You want to estimate the causal effect of a pricing intervention on seller revenue. You have 200 features — seller age, category, geography, historical performance. Classic OLS will give you biased estimates if any of those features predict both who got treated and what their revenue is (confounders).

You could manually select controls, but that's fragile at scale. What if you could let machine learning handle the confounding, while still producing a clean, low-bias causal estimate with valid confidence intervals?

The intuition

DoubleML (Double/Debiased Machine Learning) solves the problem by splitting the task in two. Instead of one regression trying to do everything at once, you run two "nuisance" models first:

1. Predict the treatment W from covariates X. Get the residuals Ṽ = W − Ê[W|X]. 2. Predict the outcome Y from covariates X. Get the residuals Ỹ = Y − Ê[Y|X].

Then regress Ỹ on Ṽ. The coefficient is your causal estimate.

Why does this work? By residualising both the outcome and treatment on X, you've removed the variation in both that's explained by confounders. What's left is the variation in treatment that's not due to observed confounders — which, under the assumption that X captures all confounding, is as good as random. Regressing the cleaned outcome on the cleaned treatment gives you a causal effect, not a predictive association.

The key insight: use ML to clean out confounding, then estimate causality on the residuals. Prediction and identification are separate tasks.

In practice

The nuisance models (steps 1 and 2) can be any ML algorithm — XGBoost, random forest, neural nets. This is where the "ML" in DoubleML comes in. Because you're not using these models for inference (just for cleaning), their flexibility is a feature, not a problem.

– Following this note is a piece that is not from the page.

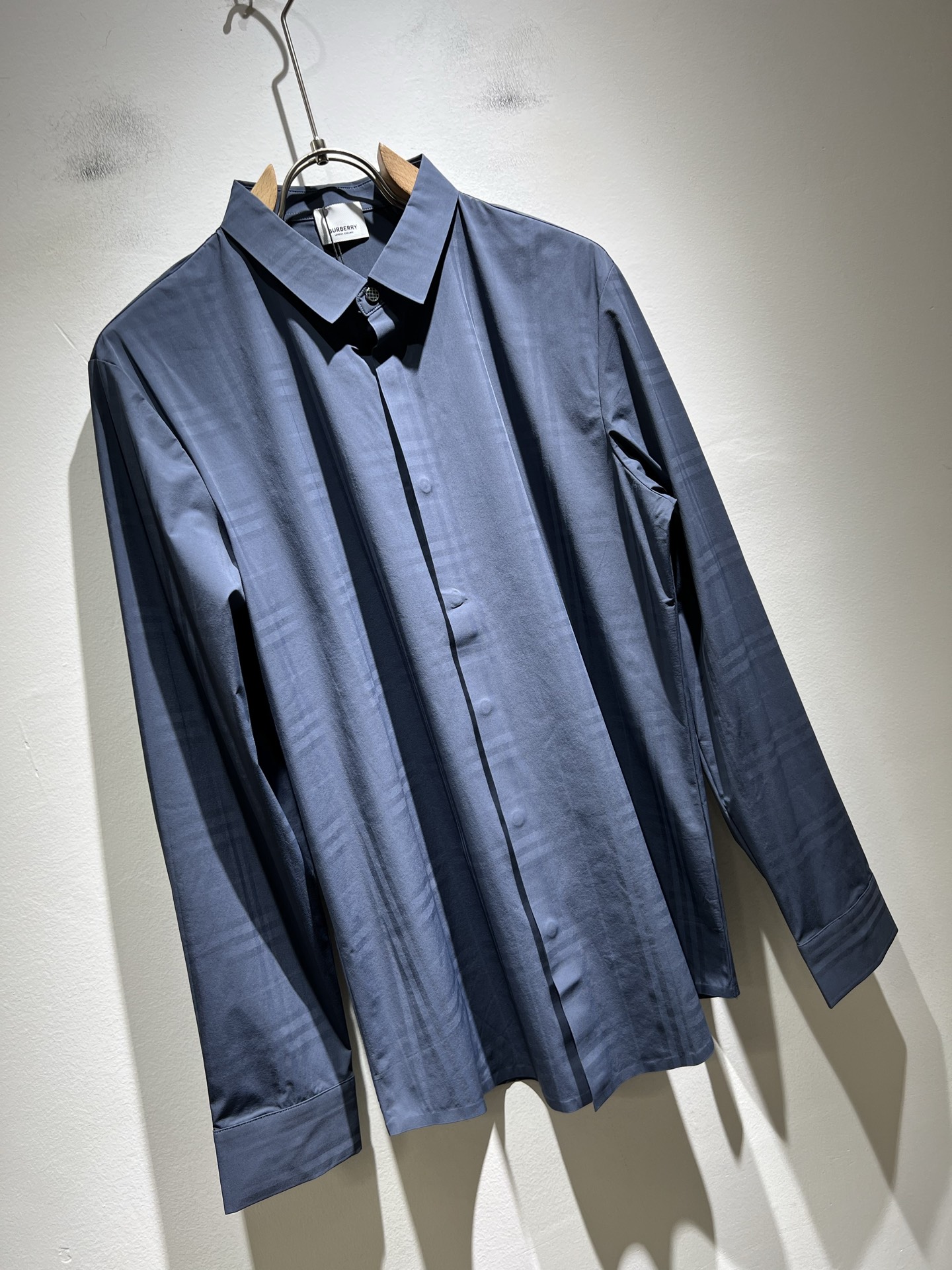 Bur*erry 巴*莉 2025秋冬新款男士无痕格子衬衣，品牌最新设计元素！既不单调也不复杂,恰到好处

Cross-fitting is critical: you train each nuisance model on one half of the data and generate residuals on the other. This prevents overfitting from biasing the final estimate — a subtle but important detail that the original Chernozhukov et al. paper formalises.

At Amazon I used DoubleML to estimate the causal impact of account manager interventions on seller revenue, controlling for ~150 seller features. The approach found effects that OLS had been systematically overestimating by 30–40% due to positive selection into intervention.

Going deeper (optional)

The formal guarantee is that the causal estimator is root-n consistent even when the nuisance models converge at slower rates — this is the "debiasing" part. The Neyman orthogonality condition ensures the final estimate is robust to small errors in the nuisance models.

The Python package doubleml implements the full pipeline cleanly. A minimal example:

from doubleml import DoubleMLPLR
from sklearn.ensemble import GradientBoostingRegressor, GradientBoostingClassifier

ml_l = GradientBoostingRegressor()   # outcome model
ml_m = GradientBoostingClassifier()  # treatment model

dml = DoubleMLPLR(data, ml_l, ml_m)
dml.fit()
print(dml.summary)  # coefficient + SE + p-value